A Morning for Flamingos (Dave Robicheaux 4) - Page 93

"Don't worry about me. I'm solid, man." He gripped the edge of the bunk and shuddered as though he had malaria. "Did anybody make you?"

"I don't think so. I've been out of New Orleans too long now."

"Anybody make you, get in your face, tell them we're tight."

"All right, Tony."

"There's guys in here who'll do an ex-cop, Dave. That's not a shuck."

"I think you just figured out Nate Baxter."

"Yeah, well, I'm going to square it with that cat. The word is he's getting freebies from French Quarter street whores. I know one who's got AIDS. I'm going to fix it so she gets in the sack with him."

Then he bent over and squeezed his palm across the back of his neck and said, "Oh man, the tiger's got me."

I stood him up and walked him by the arm down to the shower. Inmates lounging in the open doors of their cells or sitting on the big water pipe against the corridor wall looked at him with the curiosity and reverence of their kind—prisoners in a parish or city jail—when they were in the actual proximity of a mainline con or Mafia don. Some rose to their feet, offered to help, made an extravagant show of sympathy.

"He just got hold of some bad food," I said.

"Yeah, it's rotten, Tony," one man said.

"A roach crawled out of the grits one time, man. That's no shit," another said.

"We got a stinger and some canned goods. You're welcome to it, Tony," a third said.

Tony stood naked under the shower with his hands propped against the tiles. The water boiled his scalp white and sluiced over his olive skin and the knotted muscles in his back. In one pale buttock was a puckered red scar just above the colon. He held his face into the rush of hot water and opened and closed his small mouth like a guppy. When he turned off the faucets he breathed deeply through his nose, as though he were inhaling the morning air, and wiped his face slick with his palm.
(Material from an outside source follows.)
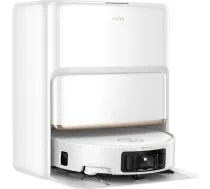 Robot sprzątający Mova Z60 Ultra Roller Complete Biały | Z60 Ultra Roller Complete white | 6978794730325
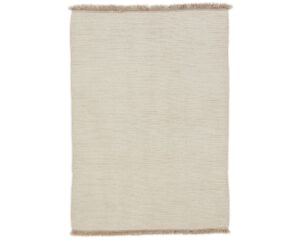 Rezas Modern Flatweave Mix matta 166 x 231 cm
"That's a little better," he said.

Two men farther down the shower were staring at his phallus.

"You guys got a problem with your gender or something?" he said.
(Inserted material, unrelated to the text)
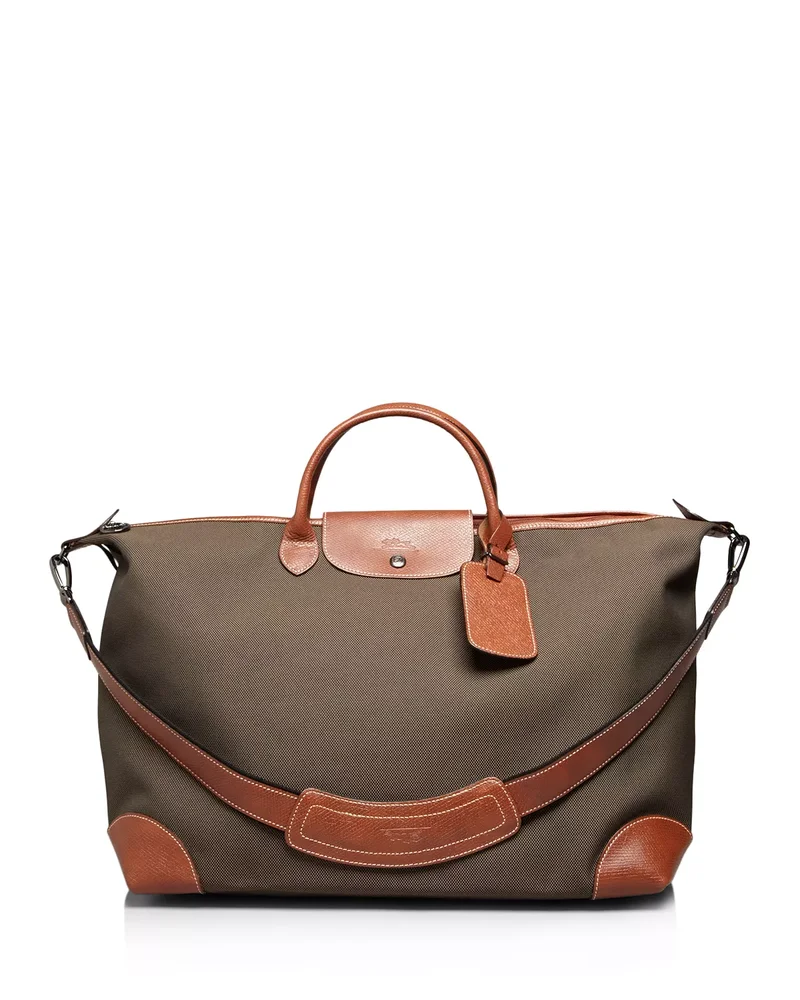 Boxford Large Travel Bag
"Sorry, Tony. We don't mean anything," one man said.

"Then act decent," he said.

"Sure, Tony. Everybody's glad to have you here. No, I mean, we're sorry you're busted but—"

"Get out of here," Tony said.

"Sure, anything you want. We—" Then the man lost his words, and he and his friend walked quickly out of the shower with their towels wrapped around their hips.

"That's what nobody understands about a jail. It's full of degenerates," Tony sai

d.

I walked with him back to our cell. Through the corridor windows I could see downtown New Orleans and the glow of the city against the clouds. He put on his slacks and shirt and lay down barefoot on the bunk across from me. He folded his arm behind his head. Water dripped out of his hair onto the striped mattress.

"I'm supposed to take Paul to a soccer game tomorrow afternoon," he said.

"He'll understand," I said.

"That's not the way it works with kids. You're either there for them or you're not there."

He let out a long breath and stared at the ceiling. Somebody down the corridor shouted, "Lockup, five minutes."

"How do I get out of it, man?" he said.